Washington, DC, U.S.A. — (METERING.COM) — January 14, 2009  – Extreme weather conditions in space can have a severe impact on the electricity grid, with societal and economic costs running into billions of dollars, according to a new NASA-funded review.

The review, the summary of a recent workshop prepared by the U.S. National Academy of Sciences, points out that space weather events are driven by the magnetic activity of the sun. Besides emitting a continuous stream of plasma known as the solar wind, the sun also periodically releases magnetic energy through flares and bursts of plasma known as coronal mass ejections. When directed towards the earth these can cause large magnetic storms in the upper atmosphere, which can impact the performance of ground-based and space-borne technologies.

The main industries whose operations can be adversely affected by extreme space weather are the electric power, spacecraft, aviation, and GPS-based positioning industries, the report says. The March 1989 blackout in Quebec, in which Hydro Quebec’s power grid collapsed within 90 seconds,  and the forced outages of electric power equipment in the northeastern United States remains the classic example of the impact of a severe space weather event on the electric power industry.

One of the driving reasons for the review is that the sun is currently near the minimum of its 11-year activity cycle but solar storms will increase in frequency and intensity toward the next solar maximum, expected to occur around 2012.

While limited information is available on the societal and economic costs of severe space weather, as a proxy for disruptions caused by a severe space storm, the non-space-weather-related power blackout of August 2003 is estimated to have cost between $4 billion to $10 billion.

The report says that our knowledge and understanding of the vulnerabilities of modern technological infrastructure to severe space weather are based largely on the experience and knowledge gained during the past 20 or 30 years, during such episodes as the geomagnetic superstorms of March 1989 and October-November 2003. However, in the past there have been events of even greater severity, such as the Carrington event of 1859 – the most severe on record – and the great geomagnetic storm of May 1921, and such extreme events, though rare, are likely to occur again some time in the future.

Despite the lessons learned since 1989 and their successful application during the October-November 2003 storms, the nation’s electric power grids remain vulnerable to disruption and damage by severe space weather and have become even more so, in terms of both widespread blackouts and permanent equipment damage requiring long restoration times. According to a study by the Metatech Corporation, the occurrence today of an event like the 1921 storm would result in large-scale blackouts affecting more than 130 million people and would expose more than 350 transformers to the risk of permanent damage.

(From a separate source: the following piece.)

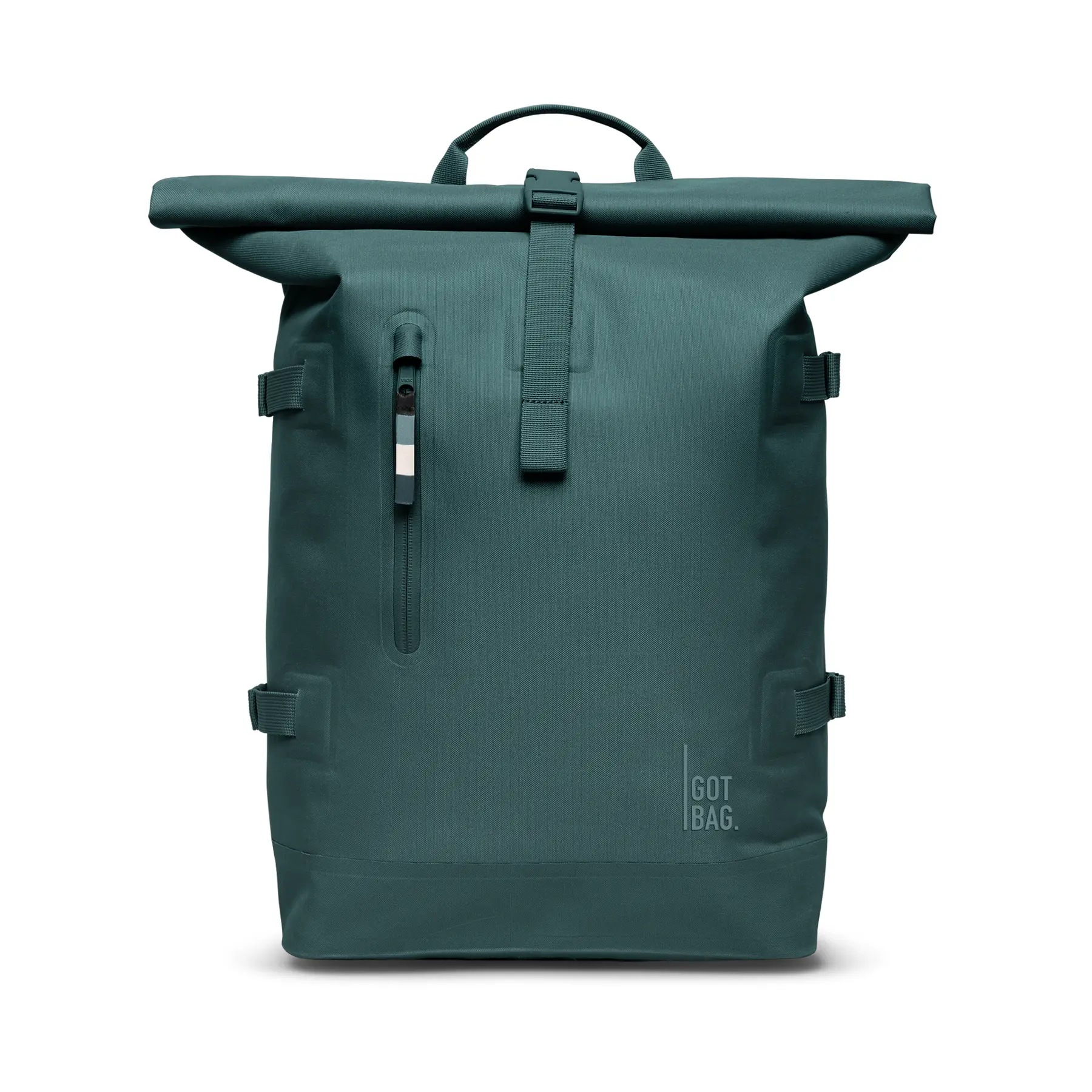 Zaino Got Bag Rolltop 2.0 Monochrome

Fortunately though, there may be some warning about such an event, enabling actions to be taken to mitigate its effects and to minimize the economic impact. The report says that currently probability forecasts of space weather events can be made with varying degrees of success. For example, the occurrence probability of a geomagnetic storm or an X-class flare can be predicted with moderate confidence 1 to 3 days in advance, whereas the capability to provide forecasts of ionospheric disturbances is poor. The critical steps needed to improve forecasting capability have been identified.